OKLAHOMA CITY, OKLAHOMA -- The idea may celebrate the birth of Christ, but with a Christmas tree individual families get to tell their own holiday story.
"We like that," says Red Earth Museum and Gallery manager Eric Oesch. "because everybody loves Christmas trees."
Oesch says it's no different with each of Oklahoma's 39 Indian tribes. 15 of them came forward this year with their own very different tribal trees.
"The ornaments were hand-made to depict the specific culture of the tribes represented," he says.
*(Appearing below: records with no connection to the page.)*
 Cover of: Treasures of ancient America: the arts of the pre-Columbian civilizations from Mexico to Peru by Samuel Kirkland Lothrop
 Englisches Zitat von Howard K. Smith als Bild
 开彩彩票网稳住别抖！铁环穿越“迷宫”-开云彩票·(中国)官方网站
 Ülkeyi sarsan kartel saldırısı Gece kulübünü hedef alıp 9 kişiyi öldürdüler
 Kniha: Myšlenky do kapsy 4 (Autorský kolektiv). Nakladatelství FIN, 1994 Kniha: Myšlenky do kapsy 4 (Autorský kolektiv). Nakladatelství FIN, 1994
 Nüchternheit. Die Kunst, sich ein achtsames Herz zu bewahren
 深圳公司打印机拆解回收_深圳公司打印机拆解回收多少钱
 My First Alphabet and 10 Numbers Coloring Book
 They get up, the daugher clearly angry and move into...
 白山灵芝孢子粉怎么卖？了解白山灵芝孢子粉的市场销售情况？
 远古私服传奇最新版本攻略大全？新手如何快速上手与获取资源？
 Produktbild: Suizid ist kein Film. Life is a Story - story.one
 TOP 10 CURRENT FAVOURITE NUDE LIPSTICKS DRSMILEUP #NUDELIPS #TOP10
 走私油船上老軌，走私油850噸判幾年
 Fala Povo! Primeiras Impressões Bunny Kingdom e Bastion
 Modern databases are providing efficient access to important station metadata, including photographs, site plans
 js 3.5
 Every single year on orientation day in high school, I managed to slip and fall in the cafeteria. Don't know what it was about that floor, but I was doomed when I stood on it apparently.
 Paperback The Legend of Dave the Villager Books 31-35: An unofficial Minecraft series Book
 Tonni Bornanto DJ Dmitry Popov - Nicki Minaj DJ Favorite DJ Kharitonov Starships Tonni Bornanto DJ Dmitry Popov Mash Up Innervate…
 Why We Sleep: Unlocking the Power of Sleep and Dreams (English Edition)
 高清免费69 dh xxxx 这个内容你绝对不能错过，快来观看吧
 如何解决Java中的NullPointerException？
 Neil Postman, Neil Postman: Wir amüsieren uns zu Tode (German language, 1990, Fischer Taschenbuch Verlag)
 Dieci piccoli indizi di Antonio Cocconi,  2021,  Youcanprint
The Osage tree is decorated with buckets that represent the containers of water boys carry to ceremonial dancers.
The Seminole Nation, originally from Florida, put a canoe under their tree.
"The guy in the canoe is a GI Joe," laughs Eric. "I love it."
The Muscogee Creek Nation colors are red, yellow and white.
The Kaw Tribe decorated their tree with wind chimes.
"Because they have always been referred to as The Wind People," adds Oesch.
Cherokee, Absentee Shawnee, Cheyenne-Arapaho; a total of 15 tribes came in with decorations that revealed a little bit of each culture.
The variety surprised even the curators.
"It just opens up Oklahoma tribal history and how different they are," he says.
From Chickasaw hand painted gourds to bead work to pictures of past leaders the ornaments are all hand-made or hand-woven, every piece means something.
The first Europeans mistook the notion Delaware wampum as something like an exchange of currency.
The Delaware Tribe of Manhattan Island thought of the idea as more of an exchange of gifts.
The shell of an idea that finds itself on a tribal tree in Oklahoma City and a better way to look at Christmas,not as a sale but as a gift itself.
The Red Earth Museum's Tree Fest continues through January 15, 2017.
Many of the ornaments are offered for sale.
A Tree Fest open house is scheduled for December 3.